読んでる間ずっと幸福だった。こんなにも、ただ楽しいと思って読書したのは久しぶりな気がする。
芥川賞の選評ではテーマの扱い方とか構成面でいろいろ言われてたけど、私はくどうさんの、まろやかな色に光るような文章が好き。書き手が世界を愛しているのがわかる。
たしかに、氷柱よりおばけのほうが面白い気がしたけど、じゃあエッセイストとしてやっていってほしいのかといえば、やはり物語を書いていってほしい。気がする。

花やうさぎや冷蔵庫やサメやスーパーボールの泳ぐ水族館のように毎日はおもしろい。(p. 7)

そう、くどうさんの目に映る世界は現実の範囲ですでに可笑しさといじらしさが溢れているのだけど、もっと空想の世界にまで思いっきり筆を広げてほしい。

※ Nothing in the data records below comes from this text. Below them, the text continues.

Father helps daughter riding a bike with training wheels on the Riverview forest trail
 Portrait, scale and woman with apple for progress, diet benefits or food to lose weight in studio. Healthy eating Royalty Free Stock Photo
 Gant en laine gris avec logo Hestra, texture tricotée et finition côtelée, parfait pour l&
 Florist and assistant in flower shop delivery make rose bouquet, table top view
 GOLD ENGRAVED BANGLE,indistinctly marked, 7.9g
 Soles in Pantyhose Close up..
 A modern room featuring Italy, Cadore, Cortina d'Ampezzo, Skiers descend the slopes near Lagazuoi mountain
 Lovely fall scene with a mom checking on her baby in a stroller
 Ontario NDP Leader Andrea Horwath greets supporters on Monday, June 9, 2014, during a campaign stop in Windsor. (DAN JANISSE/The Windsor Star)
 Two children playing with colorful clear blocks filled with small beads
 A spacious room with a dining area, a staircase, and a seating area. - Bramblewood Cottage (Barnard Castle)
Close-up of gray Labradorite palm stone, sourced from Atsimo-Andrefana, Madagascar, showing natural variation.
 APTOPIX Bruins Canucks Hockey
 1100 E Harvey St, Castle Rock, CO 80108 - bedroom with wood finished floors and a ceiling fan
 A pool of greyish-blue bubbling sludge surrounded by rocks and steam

絵本たくさん書いてほしい。童謡とかも作れそう。

自分のともだちのことを思うとき、それはおだやかにかわいい百鬼夜行のようだ。(p. 11)

くどうさん、私なんかシンパシーを感じる。話の中に、おもしろいともだちがたくさん出てくる。永い関係もそうだけど、一瞬の関係も大事に切り抜いて保存する。パソコンのひとも、内線のひとも、雪夜のタクシードライバーもみんな素敵だった。

絵本のようなことをいう恋人がいる。絵本のようなほんものの人生。(p. 137)

ときめきポイントが似てるのかも。付き合うに至る夜の話、2人ともロマンチストでやばかった。あとは、元彼の家の合鍵で瓶を開ける話もよかった。ナンパ師に車で送りますよって言われて、馬とかなら乗りたいって返したお姉さんもイケてる。絵本みたいに生きてたい。絵本みたいと思ったら、たぶんけっこう生きてける。

この次のエッセイ『虎のたましい人魚の涙』は未読だけど、短いあとがきがとてもとてもよかった。